2.3. Accuracy Evaluation Index

In verifying neural network models, image classification is commonly used to assess the quality of classification and recognition. The effectiveness of model classification and recognition is evaluated by analyzing the accuracy of image classification and recognition. In this study, two indicators, namely classification accuracy and loss rate, are employed to assess the performance of various rock classification models. Classification accuracy refers to the ratio of correctly classified samples to the total number of training or test samples within the training set or test set, respectively. A higher classification accuracy indicates a better classification effect of the model. The specific formula for calculating the Classification Accuracy (CA) is as follows:

C A = \frac{A S}{T S} \times 100 %

(1)

where AS represents the number of accurately classified samples (Accuracy Samples) in the training set (or test set), and TS represents the total number of samples (Total Samples) in the training set (or test set).
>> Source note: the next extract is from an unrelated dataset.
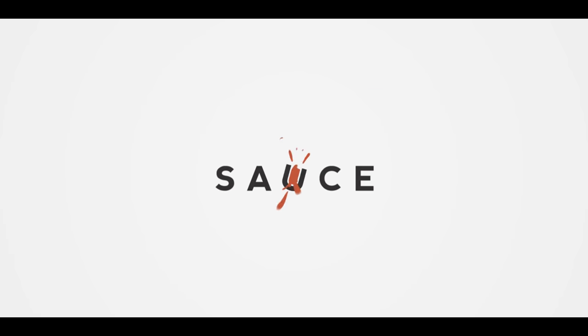Hey everybody, Chef Britt here with ATBBQ.com, and today we are making quick bread. This quick bread is going to be a great utilization of products that you probably already have in your kitchen. This recipe that I developed is somewhere between an Irish soda bread and a Boston brown bread with a little bit of a change-up. So let me show you how I do it.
The loss rate (Loss Rate, LR) refers to the convergence value of the loss function. In this study, the chosen loss function is the cross-entropy loss function. The specific calculation formula for the loss rate of the training set (or test set) is as follows:

L_{loss} = - \sum_{i = 1}^{k} y_{i} \log H_{i}, i = 1, 2, 3, \dots, k

(2)

In the formula, L_loss denotes the cross-entropy loss value, y_i represents the true label of the image, and k represents the dimension. When the i class in the image is 1, it indicates that the image belongs to the i class, and the other positions are all 0, representing the probability of the predicted class.

3. PCA-VGG16 Model Classification Results and Analysis

3.1. Dataset of Handwritten Digits

To assess the efficiency and accuracy of the PCA-VGG16 model, this paper performs model verification using a dataset of handwritten digital images. The dataset comprises 600 RGB three-channel images of handwritten digits ranging from 0 to 5, each with dimensions of 224 × 224 × 3. Among these images, 450 are utilized as training set images, and the remaining 150 are used as test set images. Some of the images are displayed in Figure 4. The preprocessing steps involve pixel normalization and dimensionality reduction using PCA. Through PCA, the three-channel images are transformed into two-channel images. The distribution results of the different digit information after dimensionality reduction are depicted in Figure 4a.

Figure 4a illustrates the distribution of digital images after dimensionality reduction, represented by different colors. Upon observation, it is evident that reducing the six handwritten digits to two dimensions results in a clear separation among most of them. The similarity between the digits is relatively low, with only a partial overlap observed between handwritten digits 2 and 3. However, the classification boundary between them remains discernible. This indicates that employing PCA to compress the image data effectively removes redundant information from high-dimensional data. It enables accurate differentiation between different handwritten digit images, thus enhancing the algorithm’s execution speed and computational efficiency of the model.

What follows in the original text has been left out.